## Brief descriptive captions

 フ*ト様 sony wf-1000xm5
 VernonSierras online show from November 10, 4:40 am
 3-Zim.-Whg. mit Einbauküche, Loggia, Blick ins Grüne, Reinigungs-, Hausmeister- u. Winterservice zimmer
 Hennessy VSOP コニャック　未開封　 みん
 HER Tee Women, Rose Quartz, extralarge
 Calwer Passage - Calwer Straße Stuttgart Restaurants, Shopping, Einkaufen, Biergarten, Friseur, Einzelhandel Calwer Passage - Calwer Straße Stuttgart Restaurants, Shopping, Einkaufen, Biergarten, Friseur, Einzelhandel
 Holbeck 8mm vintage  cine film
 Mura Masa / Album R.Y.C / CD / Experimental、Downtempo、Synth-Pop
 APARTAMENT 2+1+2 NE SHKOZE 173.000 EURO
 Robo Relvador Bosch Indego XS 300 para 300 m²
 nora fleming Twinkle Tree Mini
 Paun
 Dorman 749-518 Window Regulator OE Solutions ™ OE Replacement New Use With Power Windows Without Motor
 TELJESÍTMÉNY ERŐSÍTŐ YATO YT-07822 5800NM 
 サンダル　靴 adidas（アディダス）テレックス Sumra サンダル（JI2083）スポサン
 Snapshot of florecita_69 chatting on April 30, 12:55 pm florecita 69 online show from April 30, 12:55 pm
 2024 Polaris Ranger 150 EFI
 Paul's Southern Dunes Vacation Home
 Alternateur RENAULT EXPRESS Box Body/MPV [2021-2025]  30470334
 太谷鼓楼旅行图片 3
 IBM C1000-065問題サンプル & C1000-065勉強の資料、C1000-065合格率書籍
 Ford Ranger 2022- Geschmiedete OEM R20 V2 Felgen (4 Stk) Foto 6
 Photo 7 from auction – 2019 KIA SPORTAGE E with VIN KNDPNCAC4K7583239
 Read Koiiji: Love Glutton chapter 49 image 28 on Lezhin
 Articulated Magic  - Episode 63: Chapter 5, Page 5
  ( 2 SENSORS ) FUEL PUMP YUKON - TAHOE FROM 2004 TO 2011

## Task instructions
Return word for word the line with "Alternateur RENAULT EXPRESS" and every line after it through the end of the records above.

## Answer for this exercise
 Alternateur RENAULT EXPRESS Box Body/MPV [2021-2025]  30470334
 太谷鼓楼旅行图片 3
 IBM C1000-065問題サンプル & C1000-065勉強の資料、C1000-065合格率書籍
 Ford Ranger 2022- Geschmiedete OEM R20 V2 Felgen (4 Stk) Foto 6
 Photo 7 from auction – 2019 KIA SPORTAGE E with VIN KNDPNCAC4K7583239
 Read Koiiji: Love Glutton chapter 49 image 28 on Lezhin
 Articulated Magic  - Episode 63: Chapter 5, Page 5
  ( 2 SENSORS ) FUEL PUMP YUKON - TAHOE FROM 2004 TO 2011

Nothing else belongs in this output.